Piecewise constraint in Pytorch

Let’s say I am predicting a quaternion. How do I implement this piecewise constraint that is conditioned on the scalar/real “w” (for quaternion = [x,y,z,w]).

In Python:

def positive_real_quat(quat):
    """
    Flip quaternion to positive real hemisphere so there is a single quaternion describing each rotation

    :param quat: [x,y,z,w]
    :return:
    """
    x, y, z, w =quat
    if w >= 0:
        return quat
    else:
        return -quat

But I need the above code to be differentiable as the final function in my neural network. How do I do it?

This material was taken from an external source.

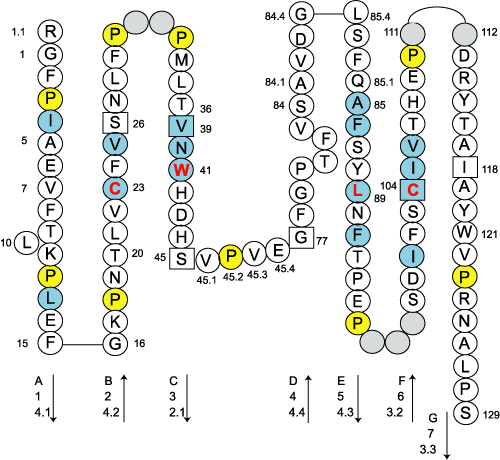 Collier HLA-DMA C-LIKE-DOMAIN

Since you are only multiplying with -1 for a negative w, your function should not break the computation graph.
I’ve changed the input to a tensor and it seems to work fine:

def positive_real_quat(quat):
    x, y, z, w = quat.split(1, 1)
    if w >= 0:
        return quat
    else:
        return -quat
    
# Positive
x1 = torch.tensor([[1., 1., 1., 1.]], requires_grad=True)
out1 = positive_real_quat(x1)
out1.mean().backward()
# Check grad
print(x1.grad)
> tensor([[0.2500, 0.2500, 0.2500, 0.2500]])

# Negative
x2 = torch.tensor([[1., 1., 1., -1.]], requires_grad=True)
out2 = positive_real_quat(x2)
out2.mean().backward()
# Check grad
print(x2.grad)
> tensor([[-0.2500, -0.2500, -0.2500, -0.2500]])
1 Like

It seems to be saying that you can always “differentiate” through if else conditionals because you only pass the gradient through the conditional that is selected… kind of like how max is differentiable because you only pass the gradient through the maximum value…

Are there any cases where program logic is not differentiable?

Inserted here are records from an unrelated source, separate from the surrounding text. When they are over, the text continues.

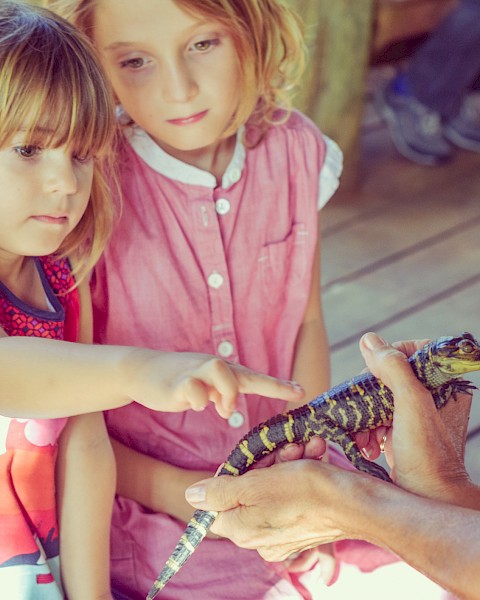 Two children are observing and pointing at a small crocodile being held by an adult.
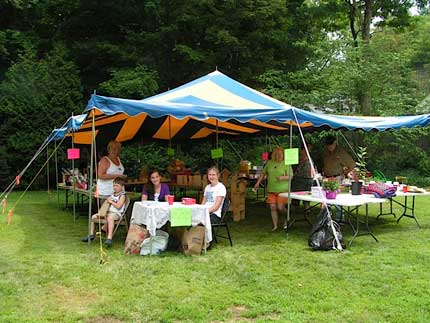 auction tent 2011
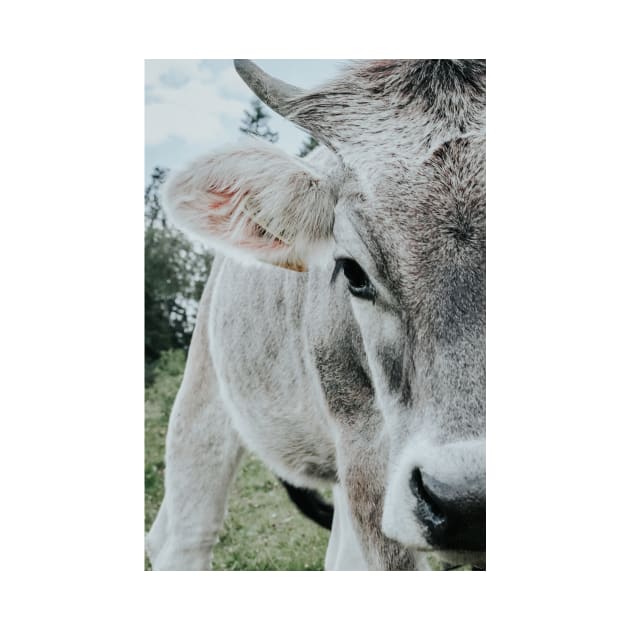 Cow close-up by Melissa Peltenburg Travel Photography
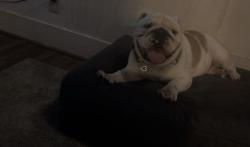 Lost Male Dog last seen Near case ave , Saint Paul, MN 55106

Note that torch.max and your approach are a bit different.
While torch.max works on a tensor and will pass the gradient to the max value (as you’ve explained), your approach would create different computation graphs.
Since PyTorch creates the computation graph (which is used to calculate the gradients in the backward pass) dynamically, you can use plain Python conditions, loops, etc. in your code.

I guess what I’m looking for is some rigorous argument that gradient descent will minimize a computation graph that contains Python conditions and logic.

Hi, I am also very interested in this question. We are trying to implement a “custom” (to our problem) piecewise function using simple if/else logic. Simplified example; we create torch parameters (a,b,c and d) and say that e.g. “if input < 5: value = ainput + b, else: value = cinput + d”.

The backpropagation and optimization seems to only give gradients for some of the values though, although we know that some of the inputs are in the different “ranges” (we have inputs both over and under 5, following the example above).

Will Pytorch accept such a function and the backpropagation + optimization (SGD) algorithm actually work for our function?